8 Ways How Gideon the Ninth Messed Up My Brain—And I Said ‘Thanks’

#1 It made me drool over a training montage—in a book. Anything I wrote about it would not end up honouring the scenes enough, so—trust me on this. (So. Hot.)

#2 It made me seek comfort in a puddle of utter reader destruction right afterwards. I had to cuddle to get better after I read the first book, and it helped only infinitesimally.

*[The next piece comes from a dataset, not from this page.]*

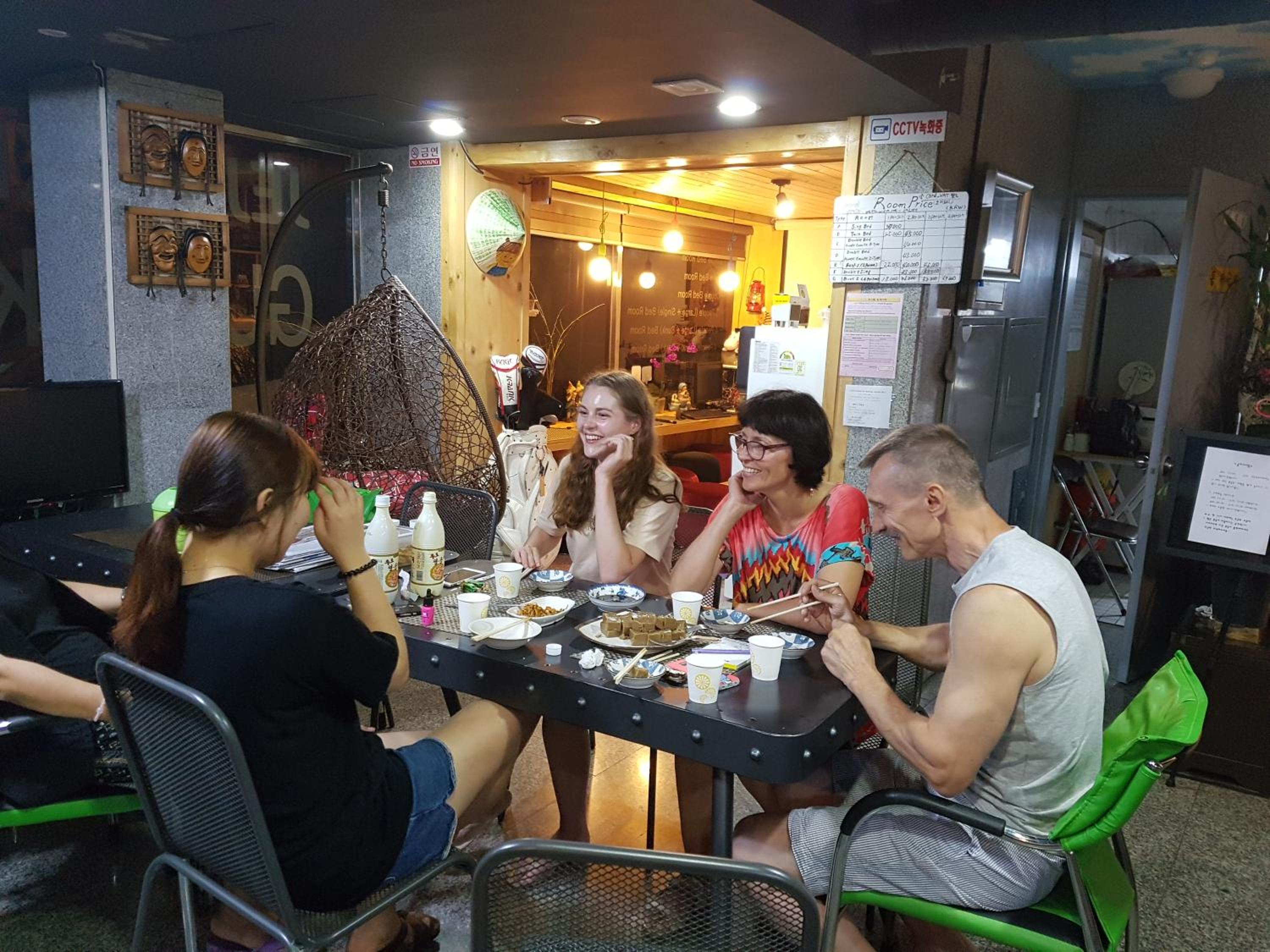 Gudeok Guesthouse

#3 It made for awesome bonding stuff with my partner, all over again. Alright, alright, I know—if you’re not sure your partner is your person, what are you doing with them, anyway? But I’ve loved these past few days, where I got to go through a thing that wrecked my partner ages ago, and I got to go through it for the first time, and I got to share my reactions, basically in real time, with someone who has already died and gone to heaven with these books. And now I can finally go back to read all those memes I saw her sharing all over the place, which I had to avoid in case I did end up reading the books after all.

(I cannot believe that there ever was a time where I thought I wouldn’t. Lesbian space jock wasn’t enough, alas. Lesbian jock obsessed with honour… helped.)

#4 It destroyed my ability to function for a whole week. (Okay, that’s with the sequel, Harrow the Ninth, added to the mix.) I kept up the pretense about four days in—it’s the slowest pace I’d ever gone with a book, because you seriously need to savour this shit, so you don’t miss yet another pun or heart-wrecking moment—and then there was that night my cat went berserk at 4AM, which woke me up, and since I was already awake, I could’ve as well read. I lost count of how many hours I read a day, with both Gideon and the sequel. It was lucky I had to go out of the house for work this week because… I don’t even want to know how my back and neck would’ve reacted if I hadn’t.

#5 It made me use a dictionary whilst reading for the first time since I tried yaoi manga in German back in the 2010s. Luckily, it coincided with the acquisition of a brand new e-reader—the first in my whole life!—with a glorious built-in dictionary, so it wasn’t all that hard to do. These books are not beginner level—not even if you’re a native speaker, I’d reckon.

#6 It made me go offline for almost a week. I stuffed my cellphone in my work bag and my tablet in a drawer back home and I ignored there ever was a world outside of Gideon’s. #noregrets (It was the first time this has happened to me in years, since I used to read on my tablet for quite a while, with wireless on. This was amazing.)

#7 It made me create a new ranking system for gay. As in, how gay is it, from zero to Gideon the Ninth? (As an example, the Machineries of Empire series would be a Gideon minus 1, and obligatory reading in Croatian schools would be a zero.) It’s the gayest (okay, most lesbionic) book I’ve ever had the privilege of reading, and I read Hazard & Somerset for breakfast.

#8 It absolutely fucked me up for all characters before her and, probably, quite a few afterwards. I love Gideon Nav more than I love Ammar ibn Khairan. There. I’ve said it. My teenage self is rolling in her grave, but my adult self has intermittent stars and hearts in her eyes, so it’s okay.

It’s gonna be okay. Eventually.

At least I fucking hope so.


As she read this, my partner asked me about ranking my own stuff on the Gideon scale—most notably, my lesbionic doppelgänger mystery Johnny’s Girls—and I have to admit it’s not nearly as high as one might think. (Yes, Gideon the Ninth is THAT GAY.) I think I’d give it a solid Gideon minus 5, but please—if you read it, I’d love to know where you’d rank it!